War Service Chevrons were issued to members of the Civil Defence Services from September 1944. For eack full 12 month period of service, an individual was entitled to one chevron. With some members then subsequently making a fifth year of service, a single additional war service chevron was issued. On many stand-down photos in May/June of 1945 it is possible to see the five chevrons (a set of four plus one) worn on the lower right sleeve. Images courtesy of George P.
A scarce appointment card for an Information Officer at a Rest Centre in Derbyshire. Appointment (sometimes called Warrant) cards are quite regularly seen for ARP Wardens and other Civil Defence services but it is quite rare to see one for an Information Officer or other position within the Air Raid Welfare organisation.
Rest Centres were set up in locations (quite often schools) where those who had been bombed out could find food, temporary shelter and also renew documentation if their originals had been lost. The Information Officer would be able to advise them on the ways they could seek further assistance from the local authority.
The ARP Pattern 44 felt hat is probably one of the scarcest survivors of all the headwear issued to Civil defence personnel during the second world war. Initially the hats featured a red and blue ribbon but with the official change in the name to Civil Defence General Services in 1941 this was replaced by a gold and blue ribbon (ARP Pattern 143) as shown below. Image courtesy of Jon Mills.
This photo shows members of Swindon's Fire Guard showing off toys they had made. The photo is interesting on a number off levels. Firstly, it's quite rare to see the diamond-shaped Fire Guard instructors badge being worn (two in evidence here). The lady bottom left also has one (probably the locally-trained Local Fire Guard Instructors (LFGI) badge) plus another instructor's badge of the type similar to the LARP version (Local Air Raid Precautions (locally trained silver badge)). She also has an ARP badge on here beret. There appears to be quite a text heavy shoulder board on her tunic but it is not possible to determine what this is.

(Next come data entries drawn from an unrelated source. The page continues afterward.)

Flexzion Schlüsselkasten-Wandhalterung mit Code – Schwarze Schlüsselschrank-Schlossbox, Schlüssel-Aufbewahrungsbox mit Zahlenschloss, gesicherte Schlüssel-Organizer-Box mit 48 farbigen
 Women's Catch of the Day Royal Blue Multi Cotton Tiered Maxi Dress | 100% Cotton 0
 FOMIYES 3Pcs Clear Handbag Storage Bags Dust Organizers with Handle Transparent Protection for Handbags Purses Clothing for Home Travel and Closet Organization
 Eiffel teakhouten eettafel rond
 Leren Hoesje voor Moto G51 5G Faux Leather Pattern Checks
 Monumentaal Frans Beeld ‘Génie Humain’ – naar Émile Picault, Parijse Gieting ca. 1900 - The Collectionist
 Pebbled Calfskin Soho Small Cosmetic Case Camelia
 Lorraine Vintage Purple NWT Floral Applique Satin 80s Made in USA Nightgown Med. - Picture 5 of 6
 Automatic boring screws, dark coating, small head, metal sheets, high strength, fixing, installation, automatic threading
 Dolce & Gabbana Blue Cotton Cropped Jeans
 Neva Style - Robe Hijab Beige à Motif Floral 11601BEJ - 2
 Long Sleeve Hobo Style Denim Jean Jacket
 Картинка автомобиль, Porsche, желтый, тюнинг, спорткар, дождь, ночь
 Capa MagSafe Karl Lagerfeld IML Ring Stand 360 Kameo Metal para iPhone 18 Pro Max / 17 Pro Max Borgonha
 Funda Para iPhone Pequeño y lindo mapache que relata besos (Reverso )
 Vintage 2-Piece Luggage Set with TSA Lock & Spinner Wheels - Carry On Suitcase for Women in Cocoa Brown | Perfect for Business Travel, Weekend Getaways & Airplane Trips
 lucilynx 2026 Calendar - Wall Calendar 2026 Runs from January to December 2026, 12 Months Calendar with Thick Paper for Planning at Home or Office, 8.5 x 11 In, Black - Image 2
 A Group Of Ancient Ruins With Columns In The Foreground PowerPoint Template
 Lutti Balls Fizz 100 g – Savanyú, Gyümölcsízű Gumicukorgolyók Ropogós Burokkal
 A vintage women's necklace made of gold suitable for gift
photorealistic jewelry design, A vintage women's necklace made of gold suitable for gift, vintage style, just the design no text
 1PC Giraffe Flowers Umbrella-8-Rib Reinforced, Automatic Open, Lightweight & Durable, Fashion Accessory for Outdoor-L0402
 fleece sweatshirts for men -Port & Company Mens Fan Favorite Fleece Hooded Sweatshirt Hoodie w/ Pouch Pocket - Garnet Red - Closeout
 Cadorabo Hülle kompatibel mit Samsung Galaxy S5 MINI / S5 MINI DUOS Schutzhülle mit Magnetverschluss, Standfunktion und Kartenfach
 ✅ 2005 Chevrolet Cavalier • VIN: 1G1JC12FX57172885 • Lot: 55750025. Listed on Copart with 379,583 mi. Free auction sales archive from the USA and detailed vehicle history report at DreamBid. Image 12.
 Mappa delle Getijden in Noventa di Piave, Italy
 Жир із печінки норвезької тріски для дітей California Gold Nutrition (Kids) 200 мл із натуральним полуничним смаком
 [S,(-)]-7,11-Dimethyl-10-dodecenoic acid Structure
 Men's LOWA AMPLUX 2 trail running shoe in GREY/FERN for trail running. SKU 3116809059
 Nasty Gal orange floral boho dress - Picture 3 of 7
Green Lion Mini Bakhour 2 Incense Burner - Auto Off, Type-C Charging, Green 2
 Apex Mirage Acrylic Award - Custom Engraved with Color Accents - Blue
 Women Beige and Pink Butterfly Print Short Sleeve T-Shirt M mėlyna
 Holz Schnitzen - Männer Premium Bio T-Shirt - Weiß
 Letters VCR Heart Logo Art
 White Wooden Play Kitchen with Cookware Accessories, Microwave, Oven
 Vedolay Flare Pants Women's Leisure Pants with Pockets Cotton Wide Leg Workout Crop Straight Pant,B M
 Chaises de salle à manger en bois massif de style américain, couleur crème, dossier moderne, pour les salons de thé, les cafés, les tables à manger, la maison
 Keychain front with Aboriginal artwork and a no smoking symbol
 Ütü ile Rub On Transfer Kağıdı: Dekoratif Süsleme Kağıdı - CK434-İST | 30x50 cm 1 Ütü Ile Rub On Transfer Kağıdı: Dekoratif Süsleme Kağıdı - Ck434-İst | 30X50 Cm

At the beginning of the second world war the vast majority of badges on Civil Defence and other service uniforms were of the embroidered variety. With the growth in the numbers of personnel in uniform on the Home Front it was necessary to look at ways to minimise the cost of badge production. One method was to print badges and the Calico Printer's Association manufactured numerous badges, not only for the Home Front, but for the armed services as well. Below are original examples courtesy of Jon Mills.
A battledress has cropped up on eBay priced at £160. Nicely badged up with three rank chevrons denoting a Head Warden in Leicestershire. The owner was a First World War veteran and the left sleeve has a red wound stripe. Looking at the breast badge it appears to have been factory fitted. There are also war service chevrons on the right sleeve. The maker's label from Montague Burton sadly omits a date of manufacture but I would imagine this is probably an early example.
It all looks kosher but you never can tell whether the badges are all original to a battledress. It's known for a blank jacket to have had badges later added to help the item sell for a higher price.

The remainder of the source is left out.